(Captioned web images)
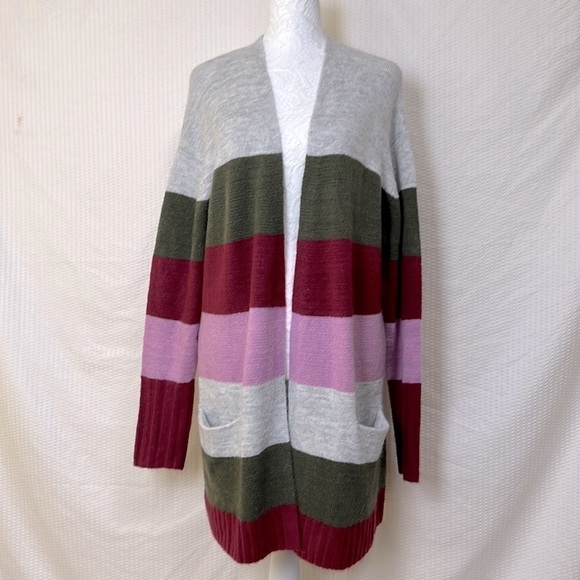 Caslon Open Front Pocket Gray w/ Green and Pink Stripe Cardigan Sweater - Size M - Picture 3 of 10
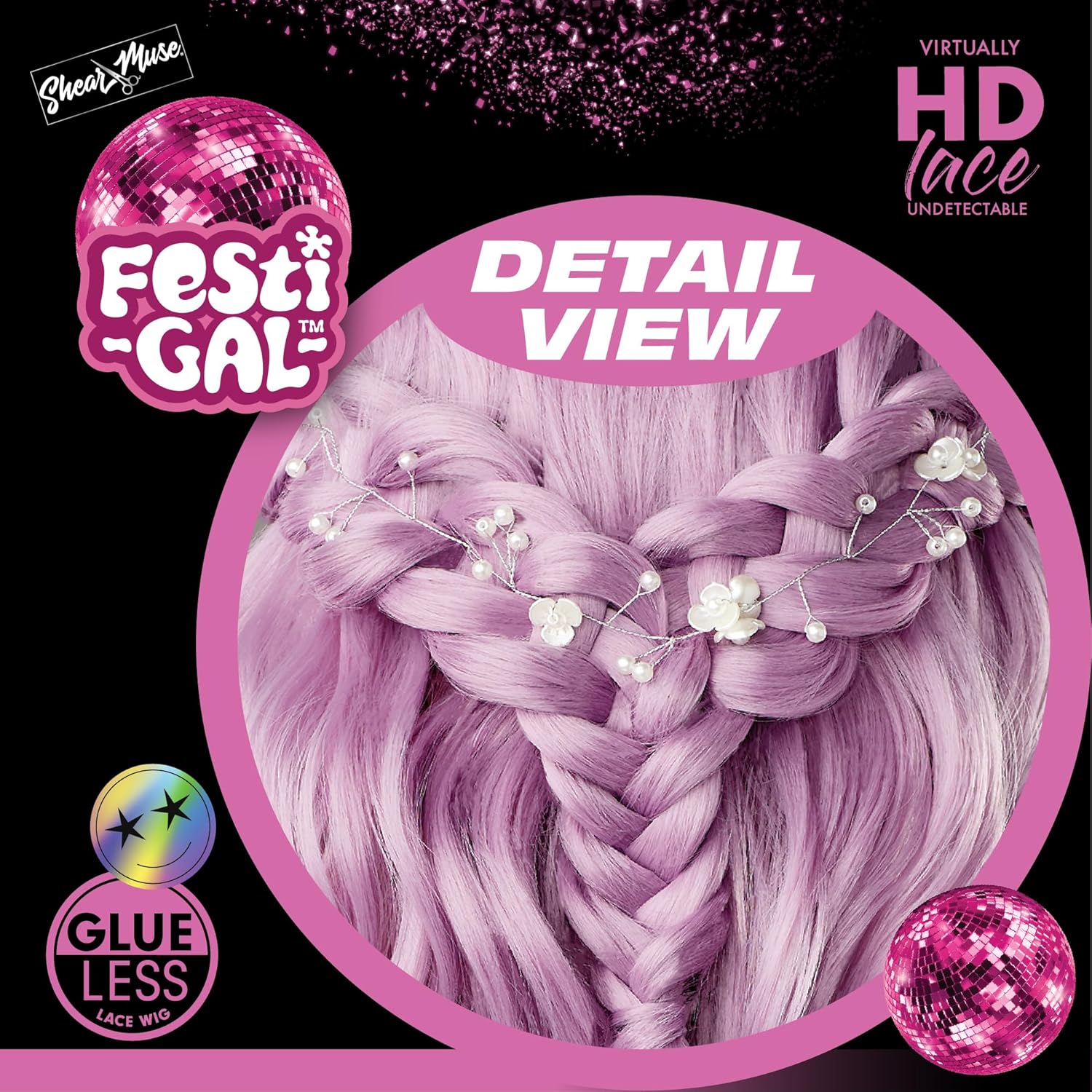 Sensationnel Shearmuse Festigal Lacewig - Flower Gal Glueless Ypart Laceparting Hand Tied Ready to Wear Synthetic Prestyled Units (LILAC)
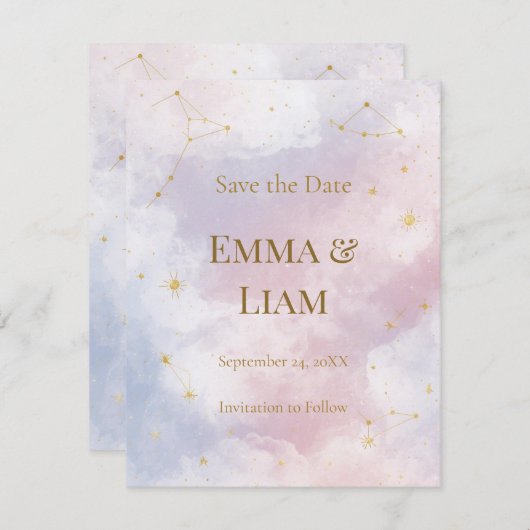 Roze Celestial Save the Date | Sterrenbeelden (Voorkant / Achterkant)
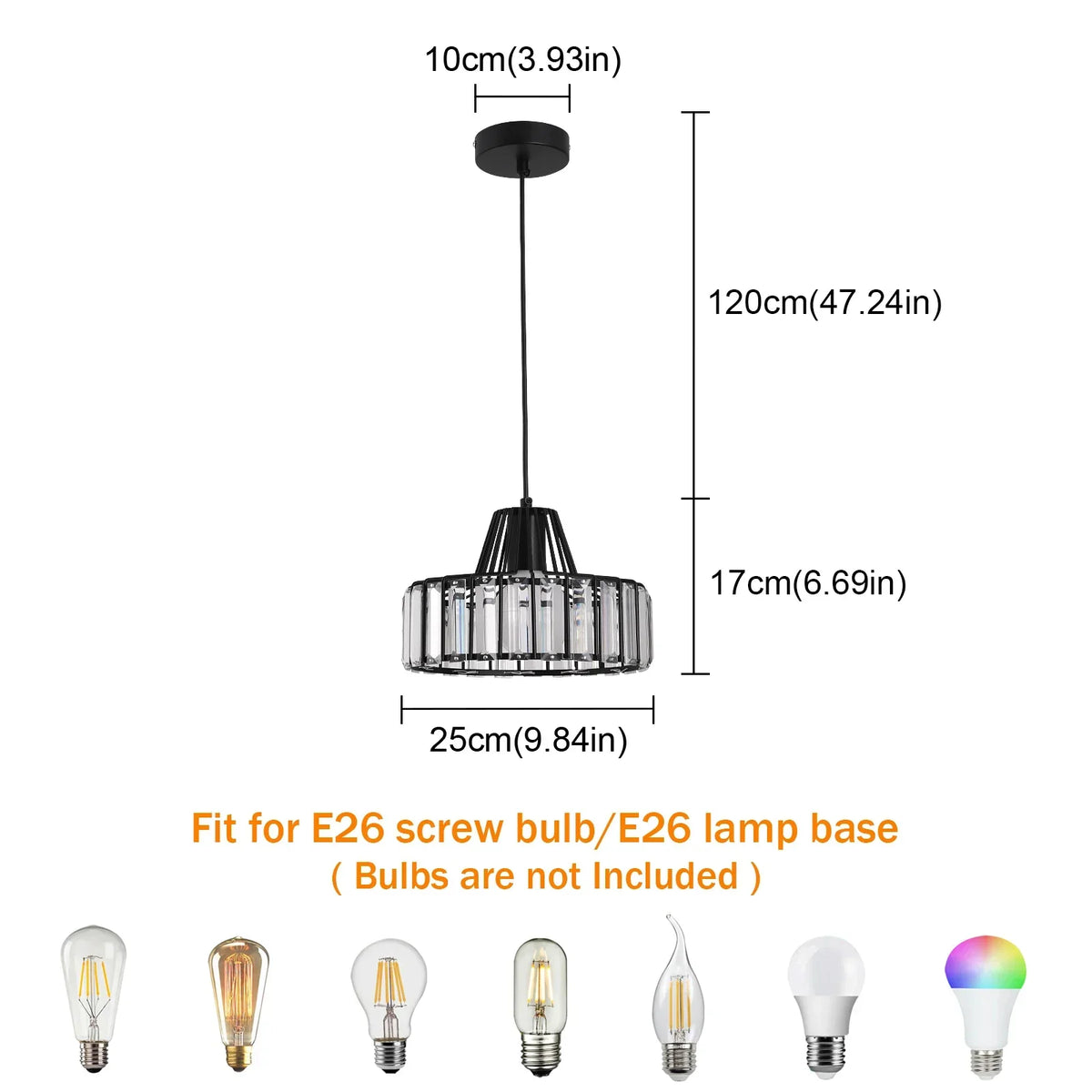 K9 Crystal Pendant Light LED Ceiling Lamp Nordic Chandelier for Living Room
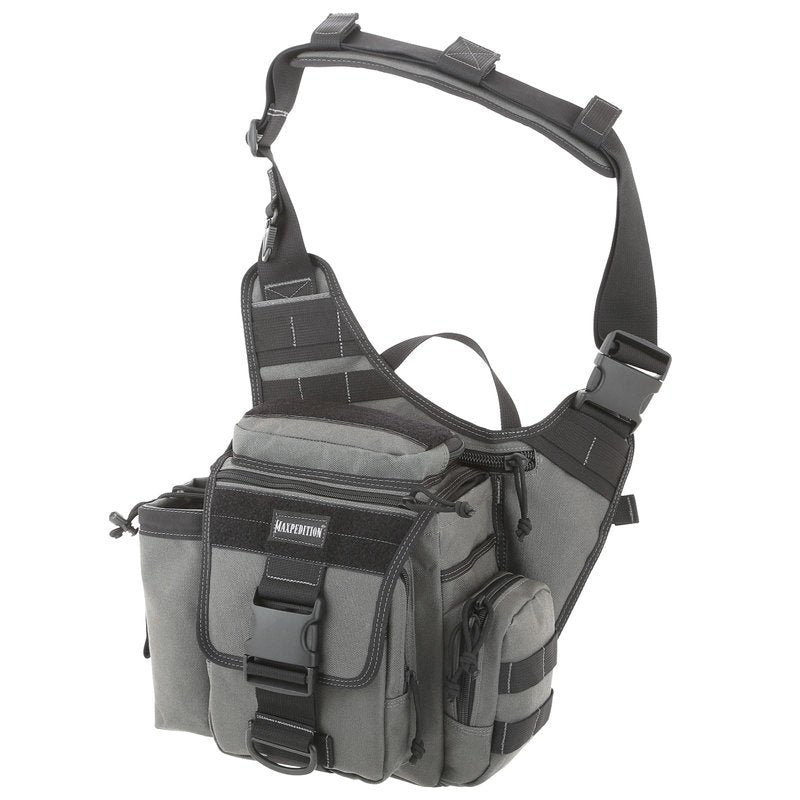 MAXPEDITION Jumbo Versipack (Wolf Gray) 7.4L Tactical Crossbody Sling Bag for EDC, CCW Concealed Carry, Survival, Includes Ergonomic 2" Strap with Comfortable Pad, 0412W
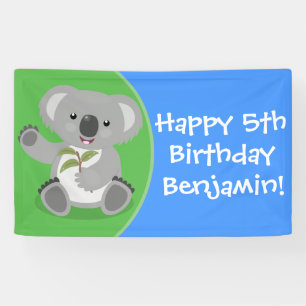 Cute koala personalised cartoon birthday banner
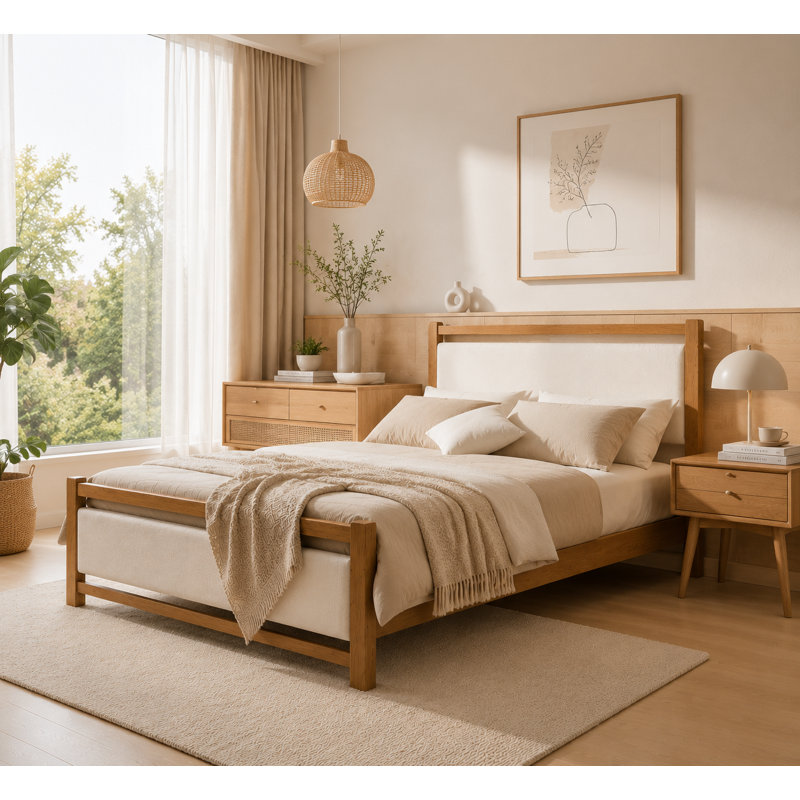 Grand lit plateforme tapissier, lin crème, Queen, Cream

* [What you need to do]: Each line above is to be copied verbatim. Drop any image from the copy.

* [Response to the exercise]:
 Caslon Open Front Pocket Gray w/ Green and Pink Stripe Cardigan Sweater - Size M - Picture 3 of 10
 Sensationnel Shearmuse Festigal Lacewig - Flower Gal Glueless Ypart Laceparting Hand Tied Ready to Wear Synthetic Prestyled Units (LILAC)
 Roze Celestial Save the Date | Sterrenbeelden (Voorkant / Achterkant)
 K9 Crystal Pendant Light LED Ceiling Lamp Nordic Chandelier for Living Room
 MAXPEDITION Jumbo Versipack (Wolf Gray) 7.4L Tactical Crossbody Sling Bag for EDC, CCW Concealed Carry, Survival, Includes Ergonomic 2" Strap with Comfortable Pad, 0412W
 Cute koala personalised cartoon birthday banner
 Grand lit plateforme tapissier, lin crème, Queen, Cream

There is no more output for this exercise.